My question is this: Were you disappointed to discover that you had company and has “Zelda” stolen your thunder?
Blindsided in Biloxi
Actually, despite what you might imagine, “Zelda” and I are good friends. In fact, the community of advice columnists inside the national security world is a very close-knit crew. We even have a social group we jokingly call the Redacted Lonely Hearts Club Band. We meet every Friday for happy hour at a local bar (name redacted) to exchange notes. Zelda was indeed recently “outed” in the Snowden carnage. I wouldn’t want to out other national security advice columnists, but it is a shame that most Americans don't have access to their everyday wisdom. I can tell you that the CIA’s columnist is not only smart as a tack, but hilarious as well. His offhand comments at our Friday gatherings regularly leave me in stitches. “Advice from the Dark Side,” his column in the Bush years, was a national security hit.
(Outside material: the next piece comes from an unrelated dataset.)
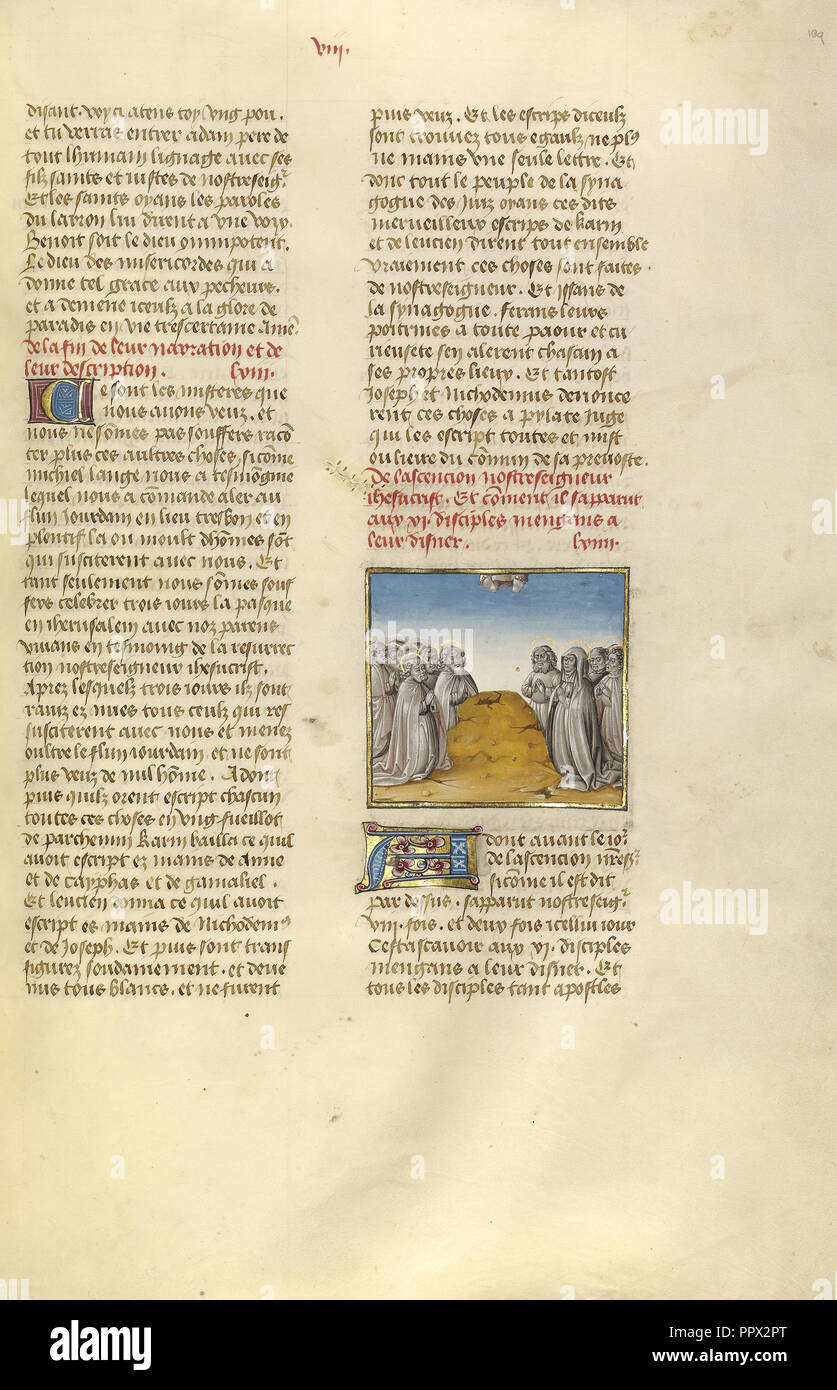 L'Ascensione; Ghent, Belgio; circa 1475; tempere, foglia oro e oro dipingere su pergamena; foglie: 43,8 x 30,5 cm Foto Stock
Believe me, living in the shadows as we all do, our community desperately needs advice. The hundreds of thousands of us (including private contractors) in the secret world often have no one to turn to. We certainly can’t talk about our problems in your world, and yet issues of manners, mores, or morals arise all the time, and we often have no one to consult. That’s why, in addition to Zelda, just about every secret outfit has an advice columnist.
Col. Manners (ret.)
Dear Col. Manners,
My head’s spinning and I thought you might be able to straighten me out. Vice-Admiral Michael Rogers, the nominee to be the new head of the National Security Agency, recently appeared before Congress and testified that aggressive cyberwar capabilities won’t simply be located in a single cyber command. Instead, all the major combat commands of the U.S. military will soon have their own “dedicated” cyberforces and each will be capable of launching cyberattacks.
Say it ain’t so, Colonel! I know that every service wants a piece of every budgetary and operational pie, but isn’t it crazy to spread the ability to launch an aggressive cyberattack around widely?
Head Spun in Houston
Dear Head Spun,
It’s not crazy at all. It’s the height of good sense. Recently, while testifying about the collection of the phone data of Americans, Vice-Admiral Michael Rogers said, “One of my challenges as the director, if confirmed, is how do we engage the American people, and by extension their representatives, in a dialogue in which they have a level of comfort as to what we are doing and why.” Quite right! So let me lend a hand in that process.
I understand where you’re coming from, and I’d like to explain why the ability to launch a cyberattack can’t be spread widely enough in our military (and possibly beyond). Response time on a cyberattack is everything. If you’ve ever been inside Washington's bureaucracy, you know that anything not located at your fingertips is functionally not located anywhere. Let’s say that U.S. Navy intelligence detects a North Korean plot to attack some aspect of its cyber-domains. If that service has its own cyber command, then it’s instant, preemptive obliteration for North Korea's cyberwarriors. If the Navy has to make its way through a labyrinth of military or civilian bureaucracies to get a decision on when and how to act, the North Koreans might be steering a couple of our aircraft carriers before anything gets done.